Flow cytometry#

You’ll learn how to manage a growing number of flow cytometry data batches as a single queryable dataset.

Specifically, you will

read a single .fcs file as an AnnData and seed a versioned dataset with it (, current page)
append a new data batch (a new .fcs file) to create a new version of the dataset ()
query individual files and cell markers ()
analyze the dataset and store results as plots ()

Setup#

!lamin init --storage ./test-facs --schema bionty

import lamindb as ln
import lnschema_bionty as lb
import readfcs

lb.settings.species = "human"

💡 loaded instance: testuser1/test-facs (lamindb 0.55.2)

ln.track()

💡 notebook imports: lamindb==0.55.2 lnschema_bionty==0.31.2 pytometry==0.1.4 readfcs==1.1.7 scanpy==1.9.5

💡 Transform(id='OWuTtS4SAponz8', name='Flow cytometry', short_name='facs', version='0', type=notebook, updated_at=2023-10-10 15:45:17, created_by_id='DzTjkKse')

💡 Run(id='R7aH6AfJFQF8f46JiC2H', run_at=2023-10-10 15:45:17, transform_id='OWuTtS4SAponz8', created_by_id='DzTjkKse')

Ingest a first file#

Access #

We start with a flow cytometry file from Alpert et al., Nat.

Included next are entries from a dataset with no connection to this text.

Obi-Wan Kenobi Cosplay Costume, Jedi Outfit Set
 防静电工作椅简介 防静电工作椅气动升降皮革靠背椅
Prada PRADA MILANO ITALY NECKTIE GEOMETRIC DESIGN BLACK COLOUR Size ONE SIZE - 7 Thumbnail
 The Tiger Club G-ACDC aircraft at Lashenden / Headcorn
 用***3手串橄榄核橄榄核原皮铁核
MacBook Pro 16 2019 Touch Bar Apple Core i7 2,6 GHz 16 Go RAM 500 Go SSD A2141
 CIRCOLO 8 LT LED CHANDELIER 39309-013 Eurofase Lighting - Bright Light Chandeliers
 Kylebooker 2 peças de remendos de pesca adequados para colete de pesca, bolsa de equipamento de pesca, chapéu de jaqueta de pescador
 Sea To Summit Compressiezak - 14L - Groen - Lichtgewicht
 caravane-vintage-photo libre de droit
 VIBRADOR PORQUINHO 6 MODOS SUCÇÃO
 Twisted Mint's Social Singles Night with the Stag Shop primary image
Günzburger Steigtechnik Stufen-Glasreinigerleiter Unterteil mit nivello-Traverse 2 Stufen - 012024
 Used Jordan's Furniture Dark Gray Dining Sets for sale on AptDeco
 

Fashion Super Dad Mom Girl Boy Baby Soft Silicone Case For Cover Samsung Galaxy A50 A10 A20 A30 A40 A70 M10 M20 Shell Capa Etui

Med. (2019).

Calling the following function downloads the file and pre-populates a few relevant registries:

ln.dev.datasets.file_fcs_alpert19(populate_registries=True)

PosixPath('Alpert19.fcs')

We use readfcs to read the raw fcs file into memory and create an AnnData object:

adata = readfcs.read("Alpert19.fcs")
adata

AnnData object with n_obs × n_vars = 166537 × 40
    var: 'n', 'channel', 'marker', '$PnB', '$PnE', '$PnR'
    uns: 'meta'

It has the following features:

adata.var.head(10)

	n	channel	marker	$PnB	$PnR
Time	1	Time		32	2097152
Cell_length	2	Cell_length		32	128
CD57	3	(In113)Dd	CD57	32	8192
Dead	4	(In115)Dd	Dead	32	4096
(Ba138)Dd	5	(Ba138)Dd		32	4096
Bead	6	(Ce140)Dd	Bead	32	16384
CD19	7	(Nd142)Dd	CD19	32	4096
CD4	8	(Nd143)Dd	CD4	32	4096
CD8	9	(Nd144)Dd	CD8	32	4096
IgD	10	(Nd146)Dd	IgD	32	8192

Transform: normalize #

In this use case, we’d like to ingest & store curated data, and hence, we split signal and normalize using the pytometry package.

import pytometry as pm

First, we’ll split the signal from heigh and area metadata:

pm.pp.split_signal(adata, var_key="channel", data_type="cytof")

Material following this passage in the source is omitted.